(Given data)

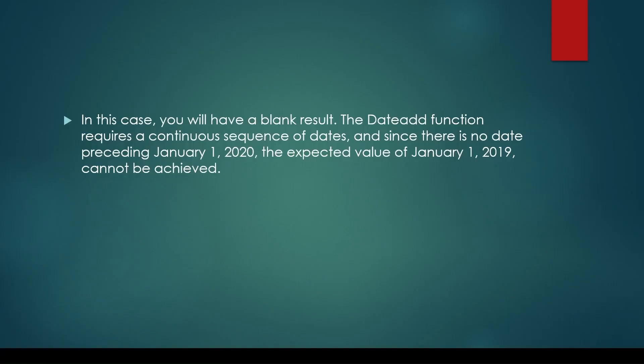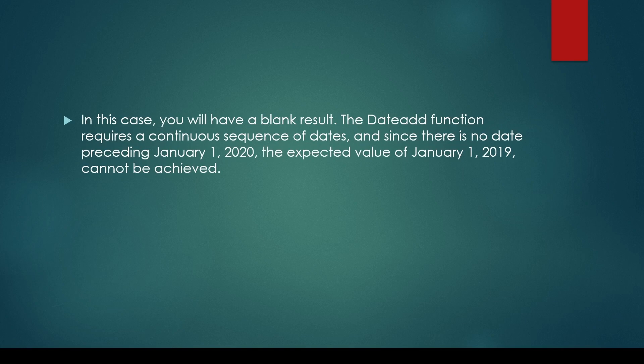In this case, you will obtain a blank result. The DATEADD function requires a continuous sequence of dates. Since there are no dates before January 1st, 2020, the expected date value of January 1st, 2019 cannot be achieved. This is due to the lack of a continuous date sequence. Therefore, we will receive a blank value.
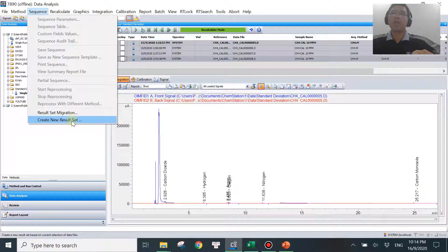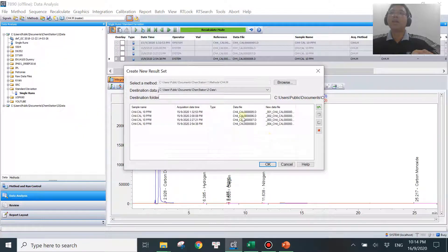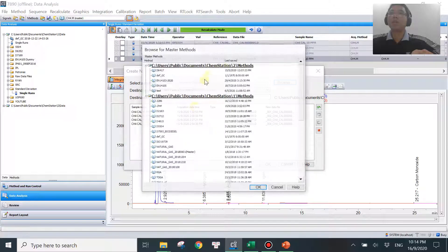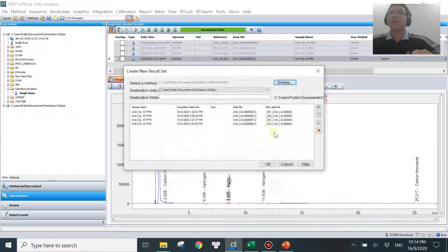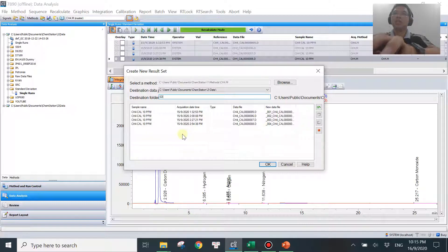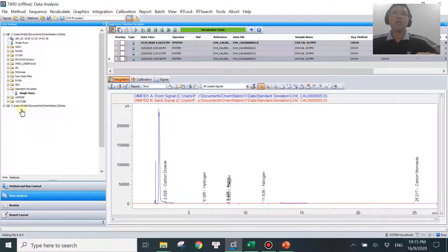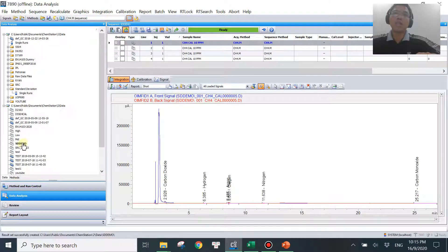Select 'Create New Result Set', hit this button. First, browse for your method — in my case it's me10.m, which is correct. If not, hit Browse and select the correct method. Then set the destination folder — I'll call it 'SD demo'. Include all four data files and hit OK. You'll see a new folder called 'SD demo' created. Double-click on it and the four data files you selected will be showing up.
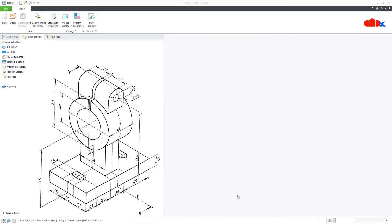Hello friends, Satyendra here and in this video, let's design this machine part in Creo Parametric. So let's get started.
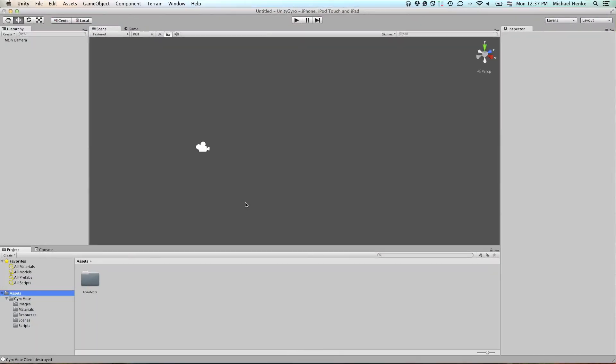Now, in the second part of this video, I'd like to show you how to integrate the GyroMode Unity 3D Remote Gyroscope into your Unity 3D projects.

(End Given data)

* Required action: Give the listing above again in its entirety and exactly; do not include the pictures.

* Response below:
In this case, you will obtain a blank result. The DATEADD function requires a continuous sequence of dates. Since there are no dates before January 1st, 2020, the expected date value of January 1st, 2019 cannot be achieved. This is due to the lack of a continuous date sequence. Therefore, we will receive a blank value.
Select 'Create New Result Set', hit this button. First, browse for your method — in my case it's me10.m, which is correct. If not, hit Browse and select the correct method. Then set the destination folder — I'll call it 'SD demo'. Include all four data files and hit OK. You'll see a new folder called 'SD demo' created. Double-click on it and the four data files you selected will be showing up.
Hello friends, Satyendra here and in this video, let's design this machine part in Creo Parametric. So let's get started.
Now, in the second part of this video, I'd like to show you how to integrate the GyroMode Unity 3D Remote Gyroscope into your Unity 3D projects.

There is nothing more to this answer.